[[ Extracted material, beginning ]]

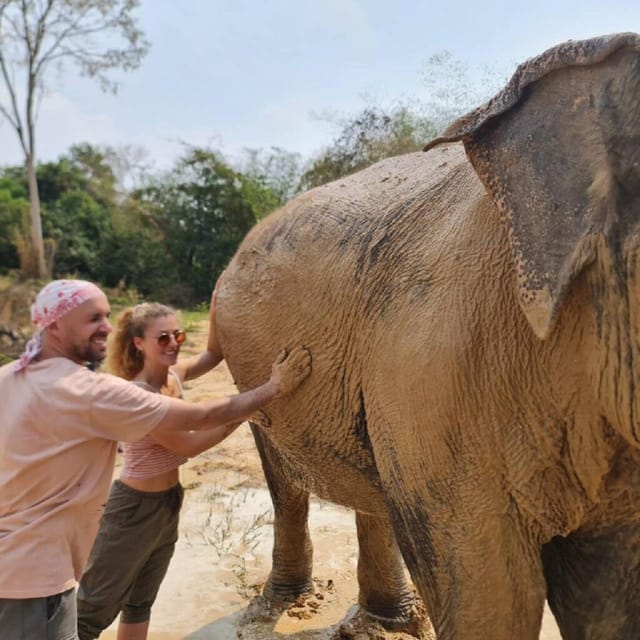 Cambodia Elephant Sanctuary Include Hotel Transfer Roundtrip - Interaction With Elephants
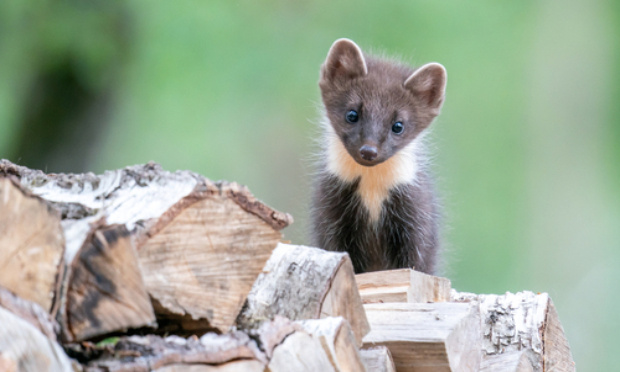 Arrêtons d'acheter des pinceaux en poils d'animaux
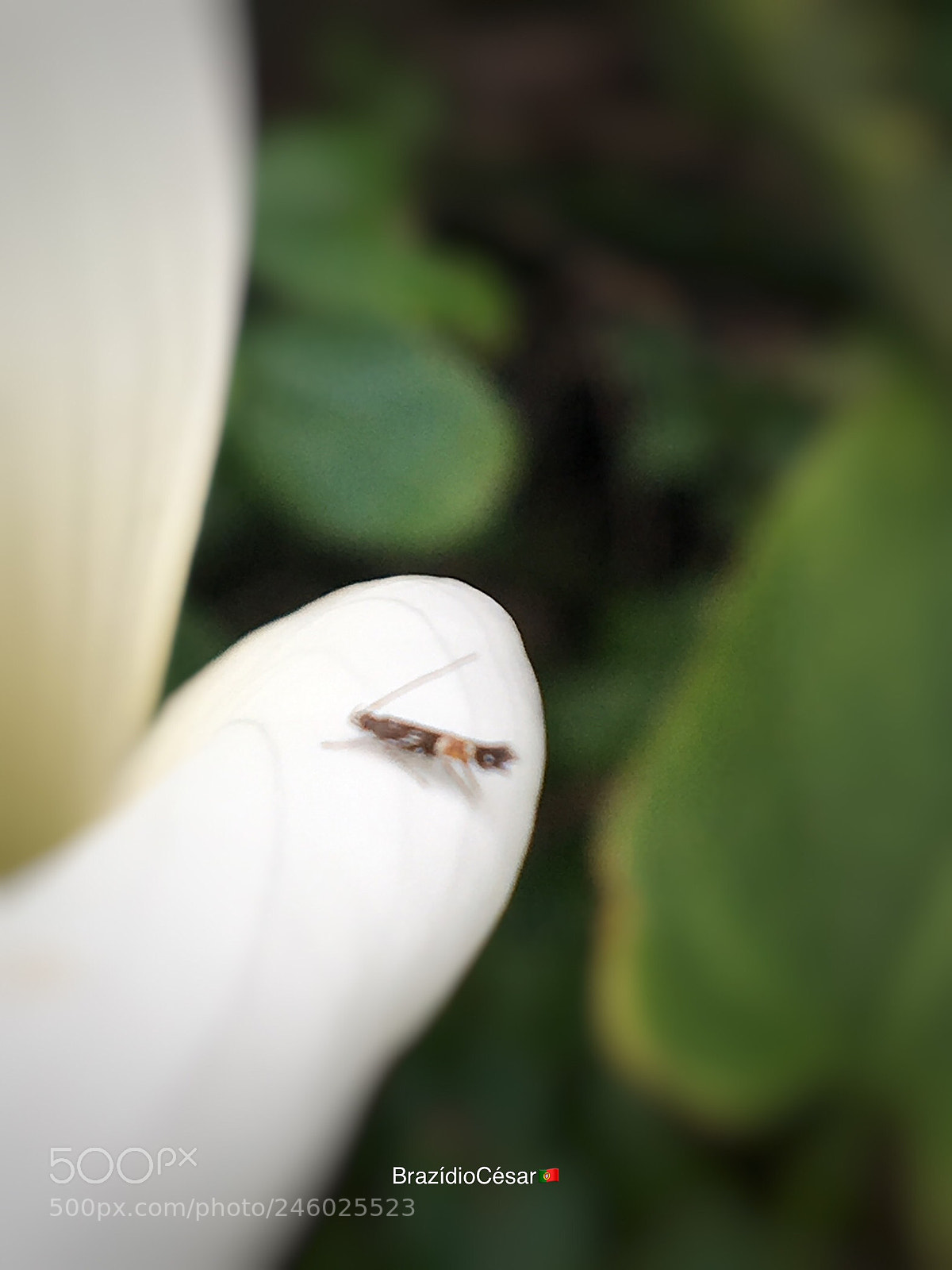 Apple iPhone 6s sample photo. Untitled photography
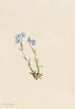 Myosotis des Alpes Myosotis alpestris - Mary Vaux Walcott — artwork view
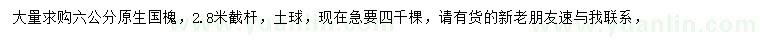 求購6公分國槐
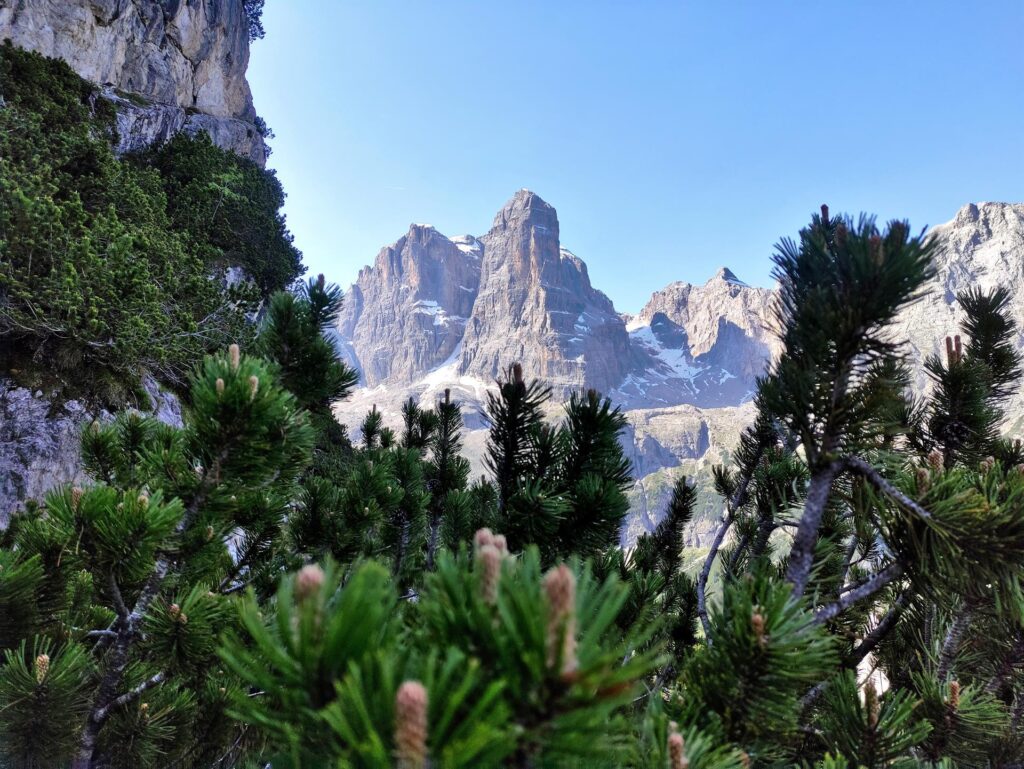 Tra i pini mughi sbuca il Crozzon del Brenta in tutto il suo splendore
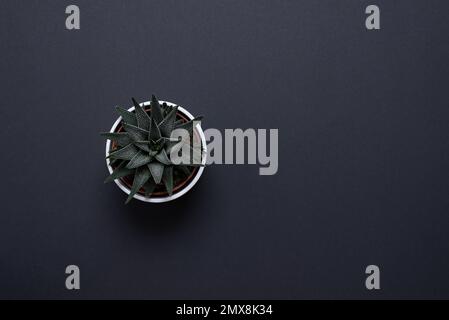 Minimal green plant in a small pot on black work desk. Flay flat, top view, copy space. For background, copy and product presentation Stock Photo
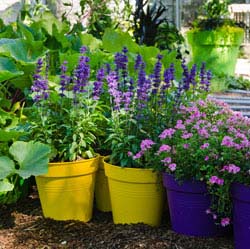 Quick Digs: Treating Salvias as Bedding Plants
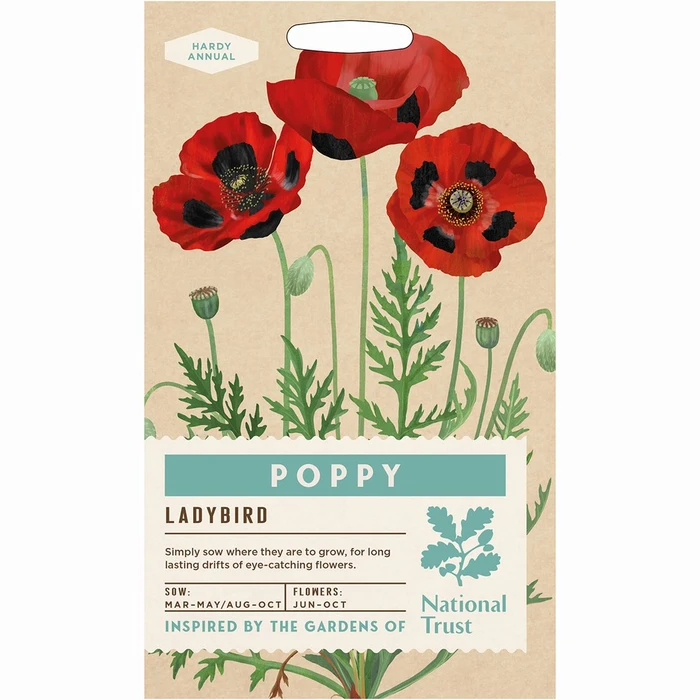 Poppy Ladybird - image 1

[[ Extracted material, end ]]

■ Task directions ■
What is needed is an exact copy of the data, with the pictures removed.

■ Output for this task ■
 Cambodia Elephant Sanctuary Include Hotel Transfer Roundtrip - Interaction With Elephants
 Arrêtons d'acheter des pinceaux en poils d'animaux
 Apple iPhone 6s sample photo. Untitled photography
 Myosotis des Alpes Myosotis alpestris - Mary Vaux Walcott — artwork view
 求購6公分國槐
 Tra i pini mughi sbuca il Crozzon del Brenta in tutto il suo splendore
 Minimal green plant in a small pot on black work desk. Flay flat, top view, copy space. For background, copy and product presentation Stock Photo
 Quick Digs: Treating Salvias as Bedding Plants
 Poppy Ladybird - image 1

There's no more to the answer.